Mobil tersebut disita di wilayah Kampung Doja, Desa Tangke Bajeng, Kecamatan Bajeng, Gowa, Kamis (17/9/2026) sekitar pukul 21.00 WITA.
Kasat Reskrim Polresta Gowa AKP Muhailis Haeruddin mengatakan, penyidik terlebih dahulu melakukan pengecekan terhadap kendaraan, termasuk mencocokkan nomor rangka untuk memastikan identitas mobil yang dicari.
Dari hasil pemeriksaan, polisi memastikan kendaraan tersebut merupakan mobil yang sedang dicari dan diduga berkaitan dengan perkara perizinan yang tengah ditangani Tipidkor Polresta Gowa.
“Mobil ini kita amankan berdasarkan hasil pengembangan penyidikan dan keterangan saksi. Kita masih melakukan pendalaman terkait asal-usul dan kaitannya dengan perkara,” ujar Muhailis.
Dalam pemeriksaan, kendaraan tersebut diketahui menggunakan nomor polisi DD 7010 HT. Namun, pelat yang terpasang pada mobil terlihat menggunakan DD 1 SRA.
Penyidik kemudian meminta pemegang kendaraan berinisial SM untuk menyerahkan kunci mobil secara kooperatif. Namun, hingga sekitar pukul 03.00 WITA, SM tidak kunjung datang ke lokasi.

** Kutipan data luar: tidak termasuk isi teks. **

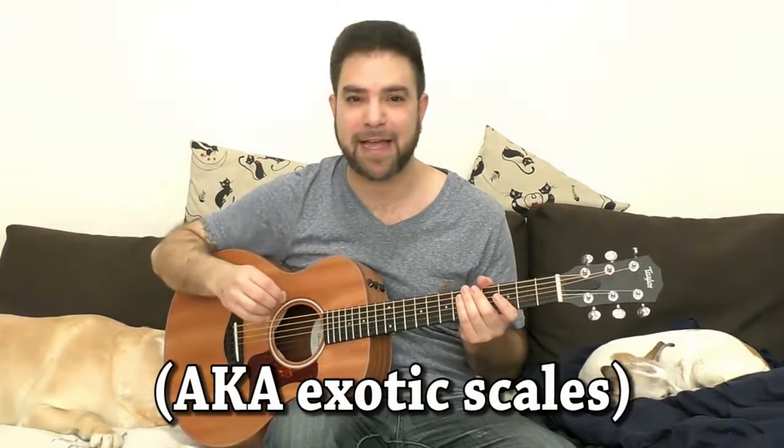Hey there Lick'n Riffers, how are you doing? Welcome to another awesome lesson right here on Lick'n Riff. In this video I'm gonna teach you ethnic scales. I'm gonna teach you how to hear and play the Arabic sound, the Latin sound, the Gypsy sound, the Baltic sound. It's all based on the same basic approach.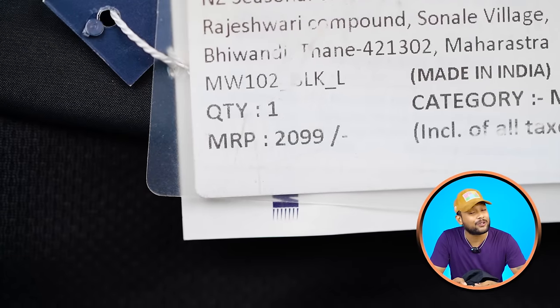The pricing is listed at 2,999 rupees, but you can get it for around 1,100 rupees. If you want to go for it, you can.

Polisi akhirnya mengamankan kendaraan tersebut dengan cara menderek mobil menggunakan kendaraan milik Dinas Perhubungan Kota Makassar. Toyota HiAce itu kemudian dibawa ke Mapolresta Gowa.
Proses pengamanan kendaraan turut disaksikan aparat pemerintah setempat, di antaranya kepala dusun, sekretaris desa, dan ketua RT. Mereka juga menandatangani surat tanda terima sebagai saksi dalam proses pengamanan kendaraan.
Toyota HiAce tersebut tiba di Mapolresta Gowa sekitar pukul 04.43 WITA, Jumat (18/9/2026) dini hari.
Menurut Muhailis, penyitaan dilakukan setelah penyidik mengembangkan keterangan saksi Ardiansyah dalam perkara dugaan pemerasan, pungli, dan gratifikasi terkait proses perizinan sejumlah toko retail di Kabupaten Gowa.
Kendaraan tersebut diduga berkaitan dengan aliran dana yang sedang ditelusuri penyidik. Meski demikian, polisi masih melakukan pendalaman untuk memastikan hubungan kendaraan tersebut dengan perkara yang sedang ditangani.
Penyidik juga meminta SM hadir di Mapolresta Gowa untuk memberikan keterangan mengenai asal-usul dan penguasaan kendaraan tersebut.
Dalam proses penyitaan, personel Tipidkor Satreskrim Polresta Gowa diback up dari Unit URC Satreskrim Polresta Gowa dan personel Polsek Bajeng.
Pemeriksaan terhadap kendaraan serta pihak-pihak yang berkaitan masih terus dilakukan guna mengungkap dugaan aliran dana dalam perkara perizinan tersebut.